数週間前、左チャンネルに使っていたYAMAHA JA-4202から音が出ていないことに気が付き、調べてみるとDCR=1.5Ωになっていた。正常な方は, DCR=8.1Ωなので、これは明らかな異常。

しかし、スピーカーの故障といえば断線が圧倒的に多いはず。それが完全なショートでもなく、中途半端な値で抵抗値が小さくなるとは、理由がわからず頭を抱えてしまった。

早々にこれは素人の手に負えないと判断し、YOSHIDAスピーカーリペアサービスさんに修理をお願いした。昨年、GAUSSの故障でお世話になったばかりである。

ダイアフラムを確認したら、ボイスコイルと引き出し線との接続部分が腐食しており、ほとんど外れかかっていることが判明。当初観察された、DCRが低くなる現象とどう関連するのかは不明だが、とにかく不具合があったことがわかったので、修理してもらうことに。

数日前に修理が完了し戻ってきた。その日は外気温が非常に低かったせいで、ドライバー本体に触れると非常に冷えている。室温にならしてから音だしして動作確認。当然のことだが正常に出音。ほっと胸をなでおろす。

中古品を買うなら腕の確かなショップからにした方が良い。少々値段が高くても、長期にわたる安定性と信頼感には代えがたい。
どうしても安くあげたいのであれば、それなりのリスクを覚悟して臨むべきであろう。

ネットワーク2018年01月25日 19時32分26秒

ここ数週間、Dynaco MK3改造版とサークロトロンアンプとを交互に取り替えながら試聴を続けている。最初はボンついていた低音が落ち着いてくると、不思議な事にどんどん音が変わっていく。スピーカーはエージングが済んでいるものと思っていが、どうもそうではなかったらしい。アンプの力でエージングが加速されたのだろうか。

結局、中音ドライバーに使っている GAUSS HF-4000のレベルをどんどん落とすことになリ、気がついたら以前に比べて2dB程度減衰量を増やしてやっとバランスが取れた。

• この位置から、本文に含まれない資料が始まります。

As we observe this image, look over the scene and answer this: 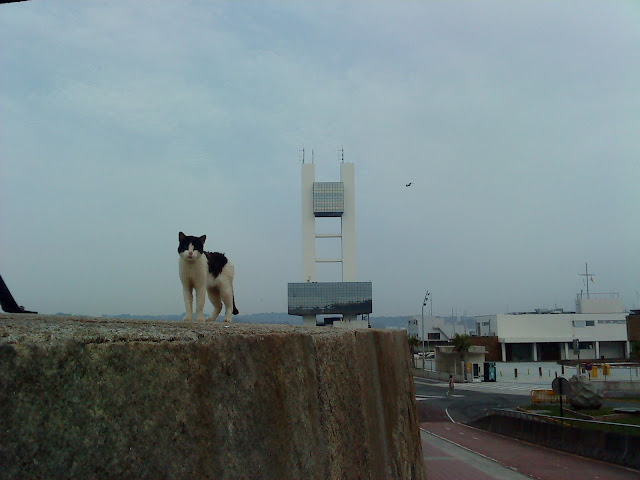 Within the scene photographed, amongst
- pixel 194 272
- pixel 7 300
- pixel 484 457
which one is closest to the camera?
pixel 7 300

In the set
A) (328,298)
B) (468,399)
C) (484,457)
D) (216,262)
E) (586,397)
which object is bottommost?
(468,399)

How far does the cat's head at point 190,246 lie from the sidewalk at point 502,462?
10.2 metres

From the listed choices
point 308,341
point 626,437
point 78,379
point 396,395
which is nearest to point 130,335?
point 78,379

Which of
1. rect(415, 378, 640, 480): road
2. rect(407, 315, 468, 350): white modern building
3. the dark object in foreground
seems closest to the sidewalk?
rect(415, 378, 640, 480): road

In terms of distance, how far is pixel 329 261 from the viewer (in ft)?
276

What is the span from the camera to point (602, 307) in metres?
65.3

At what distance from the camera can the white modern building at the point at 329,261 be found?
82188 mm

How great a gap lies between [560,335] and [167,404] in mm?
67234

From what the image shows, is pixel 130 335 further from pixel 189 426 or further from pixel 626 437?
pixel 626 437

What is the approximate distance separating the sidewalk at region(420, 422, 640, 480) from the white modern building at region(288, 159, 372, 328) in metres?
63.6

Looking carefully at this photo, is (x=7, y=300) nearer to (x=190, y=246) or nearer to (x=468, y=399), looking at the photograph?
(x=190, y=246)

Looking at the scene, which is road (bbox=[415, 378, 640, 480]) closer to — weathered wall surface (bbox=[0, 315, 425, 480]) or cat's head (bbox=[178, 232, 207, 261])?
cat's head (bbox=[178, 232, 207, 261])

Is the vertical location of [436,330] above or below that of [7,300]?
below

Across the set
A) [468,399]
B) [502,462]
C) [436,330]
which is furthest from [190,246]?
[436,330] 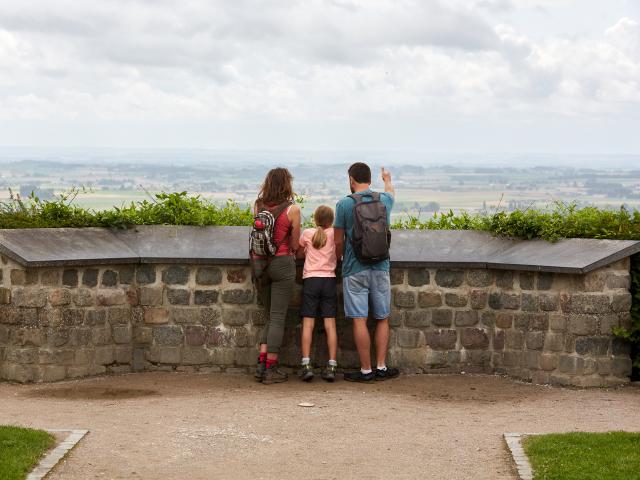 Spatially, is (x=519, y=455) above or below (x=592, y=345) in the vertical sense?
below

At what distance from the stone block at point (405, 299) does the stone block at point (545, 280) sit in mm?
1178

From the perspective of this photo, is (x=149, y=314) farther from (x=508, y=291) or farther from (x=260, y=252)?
(x=508, y=291)

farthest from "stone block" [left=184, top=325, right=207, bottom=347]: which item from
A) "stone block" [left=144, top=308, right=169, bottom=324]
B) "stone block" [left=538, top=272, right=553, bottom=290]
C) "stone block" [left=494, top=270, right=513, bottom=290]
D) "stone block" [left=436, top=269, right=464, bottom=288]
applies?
"stone block" [left=538, top=272, right=553, bottom=290]

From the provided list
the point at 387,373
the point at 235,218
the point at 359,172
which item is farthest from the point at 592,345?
the point at 235,218

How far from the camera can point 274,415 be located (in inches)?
332

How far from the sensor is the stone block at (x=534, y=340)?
32.0 ft

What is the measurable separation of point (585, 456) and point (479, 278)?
11.1 ft

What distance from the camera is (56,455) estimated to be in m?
6.93

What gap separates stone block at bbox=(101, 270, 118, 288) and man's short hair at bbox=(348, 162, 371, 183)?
93.9 inches

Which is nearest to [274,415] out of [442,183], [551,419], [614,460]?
[551,419]

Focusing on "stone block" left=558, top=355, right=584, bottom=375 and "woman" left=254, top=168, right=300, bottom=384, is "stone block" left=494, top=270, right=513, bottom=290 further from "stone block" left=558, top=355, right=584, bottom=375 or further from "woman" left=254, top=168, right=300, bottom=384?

一方、ツイーターのJA-4202は、これまで0.1uFでHPFとしていたものが、もう少しレベルを上げたくなった。それで、試しに0.47uFに交換したところ、低音の姿かたちがよく見えるようになリ、こちらが正解となった。使用したのはロシア製テフロン・コンデンサである。手に取ってみるとずしりと重い。

以上のような経過をたどった結果、現状は以下のような配置に落ち着いた。回路図ではピンとこないので、珍しくポンチ絵を書いてみた。
これを見て、何かの間違いではないかと思わない人はいないだろう。
3Wayである。教科書によれば、6dB/octでつなぐなら少なくともLとCがそれぞれ2個必要なはずで、それが、LとCが1個ずつしかないとは。。ど素人のやることは、これだから困ったものだ、とお嘆きになる気持ちはわかる。

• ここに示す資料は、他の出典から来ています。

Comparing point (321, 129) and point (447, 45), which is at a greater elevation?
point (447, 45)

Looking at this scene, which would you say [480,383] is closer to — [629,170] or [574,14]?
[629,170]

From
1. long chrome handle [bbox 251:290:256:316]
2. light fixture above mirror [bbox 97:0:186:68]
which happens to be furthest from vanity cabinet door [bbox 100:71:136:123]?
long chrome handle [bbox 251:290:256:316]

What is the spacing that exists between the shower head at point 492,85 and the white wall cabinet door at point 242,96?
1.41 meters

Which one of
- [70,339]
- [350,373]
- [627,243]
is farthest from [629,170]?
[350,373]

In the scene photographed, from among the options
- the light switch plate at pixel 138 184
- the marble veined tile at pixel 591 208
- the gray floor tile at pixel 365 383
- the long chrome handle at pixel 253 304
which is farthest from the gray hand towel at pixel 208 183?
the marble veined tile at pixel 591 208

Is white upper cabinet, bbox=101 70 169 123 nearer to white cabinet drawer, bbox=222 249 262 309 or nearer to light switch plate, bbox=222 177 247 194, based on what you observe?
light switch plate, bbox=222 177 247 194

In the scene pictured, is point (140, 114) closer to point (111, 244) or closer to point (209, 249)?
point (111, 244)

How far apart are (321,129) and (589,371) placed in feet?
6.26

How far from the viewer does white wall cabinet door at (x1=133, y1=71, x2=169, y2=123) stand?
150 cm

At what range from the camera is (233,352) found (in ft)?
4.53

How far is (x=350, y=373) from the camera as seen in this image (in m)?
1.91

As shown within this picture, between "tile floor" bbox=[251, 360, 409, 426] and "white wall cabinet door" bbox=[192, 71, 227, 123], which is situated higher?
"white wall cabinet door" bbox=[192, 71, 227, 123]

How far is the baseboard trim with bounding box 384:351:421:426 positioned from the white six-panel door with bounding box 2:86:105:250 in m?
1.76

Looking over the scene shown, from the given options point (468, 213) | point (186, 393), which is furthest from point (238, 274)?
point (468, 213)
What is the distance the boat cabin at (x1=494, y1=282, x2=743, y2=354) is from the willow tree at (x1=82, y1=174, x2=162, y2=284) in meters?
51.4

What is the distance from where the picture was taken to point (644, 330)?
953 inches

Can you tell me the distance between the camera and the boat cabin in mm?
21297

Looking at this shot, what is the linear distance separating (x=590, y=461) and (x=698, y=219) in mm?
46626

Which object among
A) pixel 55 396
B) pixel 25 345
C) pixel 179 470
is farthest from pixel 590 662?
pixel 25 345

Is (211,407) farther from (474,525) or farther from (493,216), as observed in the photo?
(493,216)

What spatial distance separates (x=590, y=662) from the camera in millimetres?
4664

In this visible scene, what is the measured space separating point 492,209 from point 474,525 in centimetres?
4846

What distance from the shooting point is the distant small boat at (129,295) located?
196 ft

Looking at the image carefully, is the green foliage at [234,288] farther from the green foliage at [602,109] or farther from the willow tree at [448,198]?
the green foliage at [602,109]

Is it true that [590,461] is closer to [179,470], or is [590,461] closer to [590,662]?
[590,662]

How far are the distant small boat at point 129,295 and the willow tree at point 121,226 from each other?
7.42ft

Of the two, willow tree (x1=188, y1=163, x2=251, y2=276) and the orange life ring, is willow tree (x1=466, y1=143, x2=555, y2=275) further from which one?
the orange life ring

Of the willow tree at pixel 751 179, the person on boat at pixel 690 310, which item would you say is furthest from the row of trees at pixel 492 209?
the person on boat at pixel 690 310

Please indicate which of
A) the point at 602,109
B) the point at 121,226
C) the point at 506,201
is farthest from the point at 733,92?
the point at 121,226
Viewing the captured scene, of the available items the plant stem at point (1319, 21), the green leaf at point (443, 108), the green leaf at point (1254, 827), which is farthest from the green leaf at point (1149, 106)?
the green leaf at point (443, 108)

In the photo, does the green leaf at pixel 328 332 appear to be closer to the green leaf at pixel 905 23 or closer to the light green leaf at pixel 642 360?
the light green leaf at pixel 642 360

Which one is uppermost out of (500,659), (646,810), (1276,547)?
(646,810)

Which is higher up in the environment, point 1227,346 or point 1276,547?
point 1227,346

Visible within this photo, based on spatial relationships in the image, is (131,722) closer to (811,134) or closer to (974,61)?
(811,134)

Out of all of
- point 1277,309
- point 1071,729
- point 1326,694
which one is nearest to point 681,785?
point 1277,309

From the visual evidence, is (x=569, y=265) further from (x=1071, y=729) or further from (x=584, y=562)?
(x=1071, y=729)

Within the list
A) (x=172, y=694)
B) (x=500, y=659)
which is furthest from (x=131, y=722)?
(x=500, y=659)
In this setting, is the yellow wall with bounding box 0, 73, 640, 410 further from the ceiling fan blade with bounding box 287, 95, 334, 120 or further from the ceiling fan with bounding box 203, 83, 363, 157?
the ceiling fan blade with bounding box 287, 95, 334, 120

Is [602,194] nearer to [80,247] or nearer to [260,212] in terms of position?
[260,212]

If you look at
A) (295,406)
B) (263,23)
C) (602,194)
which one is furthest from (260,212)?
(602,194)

私も実際に教科書通りに部品を揃え、音を聴いてみた。ところが活気がなくて、実につまらない。理論と音と、どちらを取るかと言えば、音を取るに決まっている。理論が良くても音が悪ければ、そこにどんな存在意義があるのだろうか。

この接続で問題となるのはウーハーの高域成分が十分に減衰しないことである。しかしどんなに耳を澄まして聴いても、不具合を感じない。多分私の耳が悪いのかもしれない。むしろ、上と下がスムースにつながっていて、実に違和感がなく聴こえるのでこれ以上いじる意欲がわいてこない。困ったものである。

実装状態は簡素で、あっけない。ネットを散策していると、たまにWesternのオイルコンなどを何個も連ねて腰が抜けそうなほど大掛かりなものを使っておられる方に出くわすが、それに比べれば実につつましい。

暖かくなったらもう少しまもともな姿にしてやりたいのだが、このままになってしまいそうな気もする。